Activity
Output all of the data exactly as it appears, but leave out any pictures it contains.

Available data

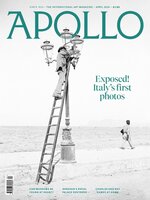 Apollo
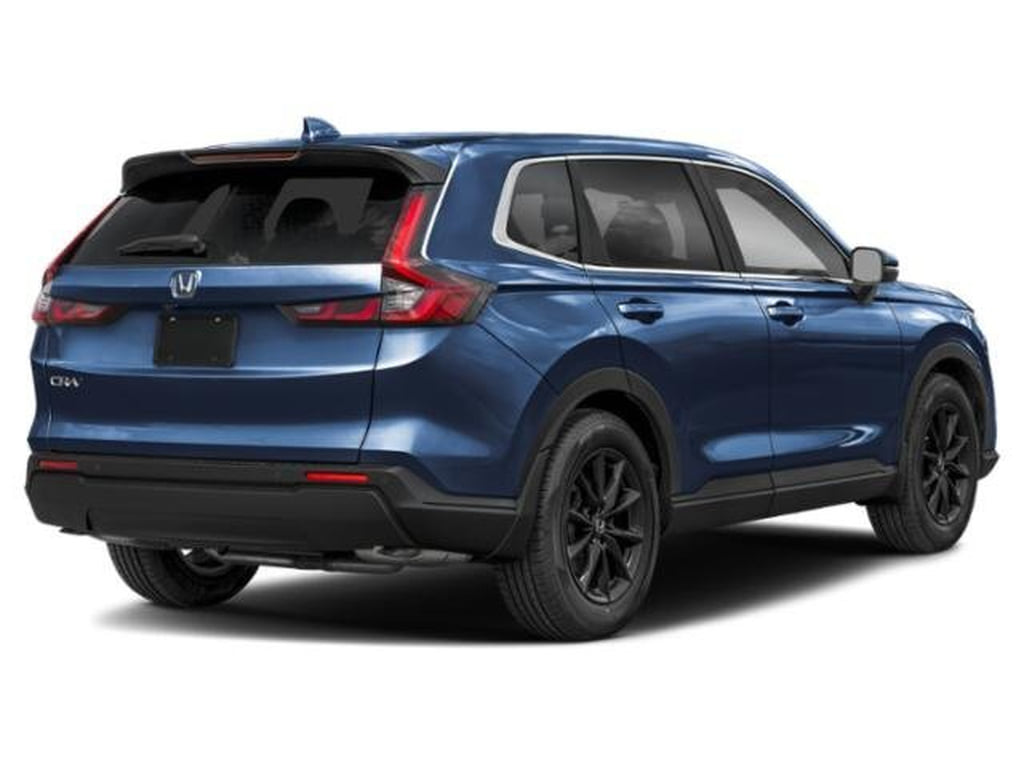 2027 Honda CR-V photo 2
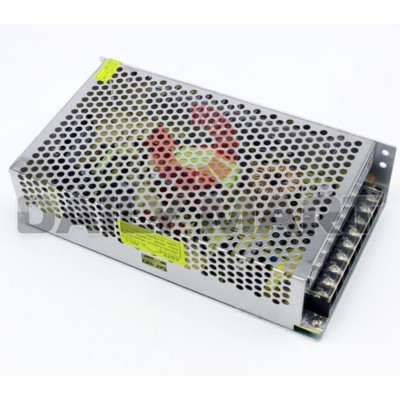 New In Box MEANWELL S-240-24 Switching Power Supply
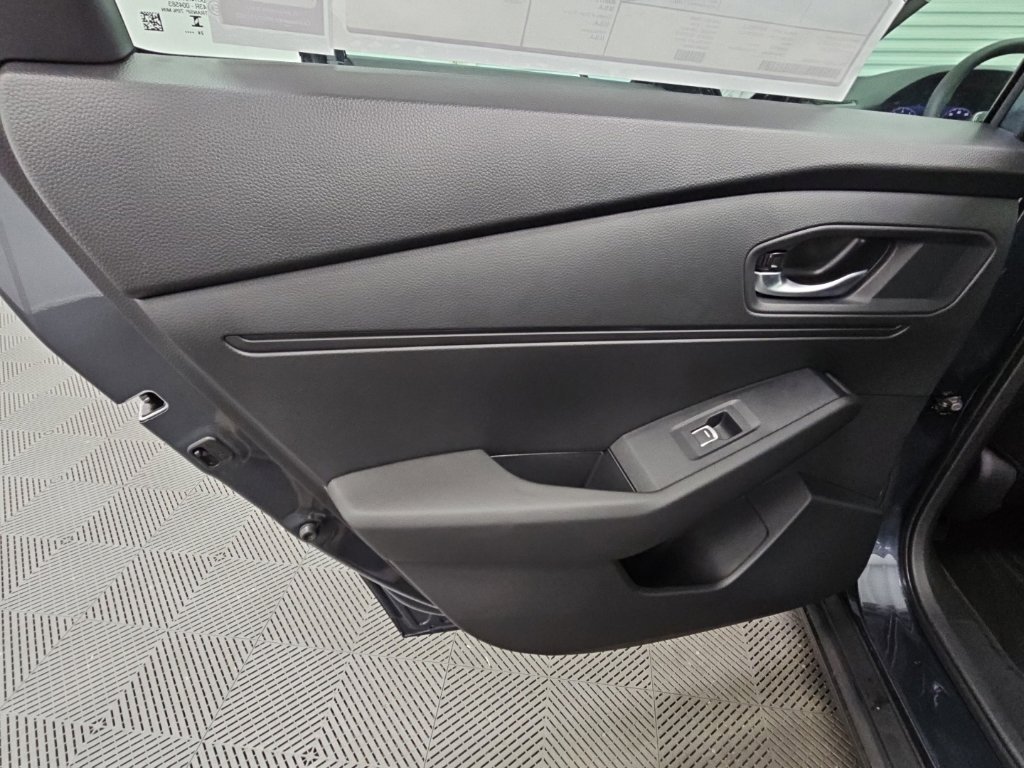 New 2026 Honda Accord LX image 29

Output below
 Apollo
 2027 Honda CR-V photo 2
 New In Box MEANWELL S-240-24 Switching Power Supply
 New 2026 Honda Accord LX image 29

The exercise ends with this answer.